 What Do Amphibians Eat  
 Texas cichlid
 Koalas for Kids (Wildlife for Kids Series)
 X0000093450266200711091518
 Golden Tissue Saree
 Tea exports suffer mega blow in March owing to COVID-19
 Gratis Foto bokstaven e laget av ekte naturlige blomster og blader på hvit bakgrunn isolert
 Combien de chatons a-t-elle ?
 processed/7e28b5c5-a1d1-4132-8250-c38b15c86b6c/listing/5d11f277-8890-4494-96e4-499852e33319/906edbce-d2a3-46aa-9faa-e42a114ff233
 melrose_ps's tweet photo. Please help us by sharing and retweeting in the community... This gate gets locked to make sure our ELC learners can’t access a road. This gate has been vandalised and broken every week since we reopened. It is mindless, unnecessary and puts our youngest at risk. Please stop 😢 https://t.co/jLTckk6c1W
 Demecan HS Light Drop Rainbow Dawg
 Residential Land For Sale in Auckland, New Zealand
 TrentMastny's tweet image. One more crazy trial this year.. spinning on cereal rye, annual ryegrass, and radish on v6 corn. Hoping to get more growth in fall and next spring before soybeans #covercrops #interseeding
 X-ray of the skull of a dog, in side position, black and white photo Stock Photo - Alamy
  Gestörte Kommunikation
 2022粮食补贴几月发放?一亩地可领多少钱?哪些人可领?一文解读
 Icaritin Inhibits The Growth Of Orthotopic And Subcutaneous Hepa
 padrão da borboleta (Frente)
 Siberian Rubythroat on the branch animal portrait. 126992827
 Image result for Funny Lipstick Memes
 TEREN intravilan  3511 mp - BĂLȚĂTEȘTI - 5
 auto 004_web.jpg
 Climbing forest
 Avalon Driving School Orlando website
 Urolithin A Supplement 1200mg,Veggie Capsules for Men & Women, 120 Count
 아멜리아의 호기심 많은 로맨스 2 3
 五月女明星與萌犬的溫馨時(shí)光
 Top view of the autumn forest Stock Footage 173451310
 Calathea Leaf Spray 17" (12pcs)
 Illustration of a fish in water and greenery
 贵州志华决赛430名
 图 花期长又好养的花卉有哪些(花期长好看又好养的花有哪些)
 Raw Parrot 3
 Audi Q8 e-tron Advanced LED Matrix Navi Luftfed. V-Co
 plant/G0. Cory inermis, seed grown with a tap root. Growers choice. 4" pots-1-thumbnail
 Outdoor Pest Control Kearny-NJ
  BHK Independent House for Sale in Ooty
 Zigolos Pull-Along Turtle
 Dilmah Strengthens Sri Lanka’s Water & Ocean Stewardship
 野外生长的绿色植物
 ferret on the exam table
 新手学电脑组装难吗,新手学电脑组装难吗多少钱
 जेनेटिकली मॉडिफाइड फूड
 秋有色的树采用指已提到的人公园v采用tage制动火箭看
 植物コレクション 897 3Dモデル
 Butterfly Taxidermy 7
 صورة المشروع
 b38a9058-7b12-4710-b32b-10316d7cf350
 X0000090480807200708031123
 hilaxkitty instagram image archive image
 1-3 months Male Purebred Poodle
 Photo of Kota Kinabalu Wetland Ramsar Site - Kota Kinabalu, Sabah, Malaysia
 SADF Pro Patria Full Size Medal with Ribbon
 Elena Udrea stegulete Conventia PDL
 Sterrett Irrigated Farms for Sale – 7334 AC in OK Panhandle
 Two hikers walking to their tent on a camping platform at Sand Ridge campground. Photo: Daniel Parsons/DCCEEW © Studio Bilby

▶ **What the task asks**
The exact lines of the material above starting at the one that contains "Audi Q8 e-tron" and ending at the one that contains "b38a9058-7b12-4710-b32b-10316d7cf350" are what to retype; leave out everything else.

▶ **Response for this exercise**
 Audi Q8 e-tron Advanced LED Matrix Navi Luftfed. V-Co
 plant/G0. Cory inermis, seed grown with a tap root. Growers choice. 4" pots-1-thumbnail
 Outdoor Pest Control Kearny-NJ
  BHK Independent House for Sale in Ooty
 Zigolos Pull-Along Turtle
 Dilmah Strengthens Sri Lanka’s Water & Ocean Stewardship
 野外生长的绿色植物
 ferret on the exam table
 新手学电脑组装难吗,新手学电脑组装难吗多少钱
 जेनेटिकली मॉडिफाइड फूड
 秋有色的树采用指已提到的人公园v采用tage制动火箭看
 植物コレクション 897 3Dモデル
 Butterfly Taxidermy 7
 صورة المشروع
 b38a9058-7b12-4710-b32b-10316d7cf350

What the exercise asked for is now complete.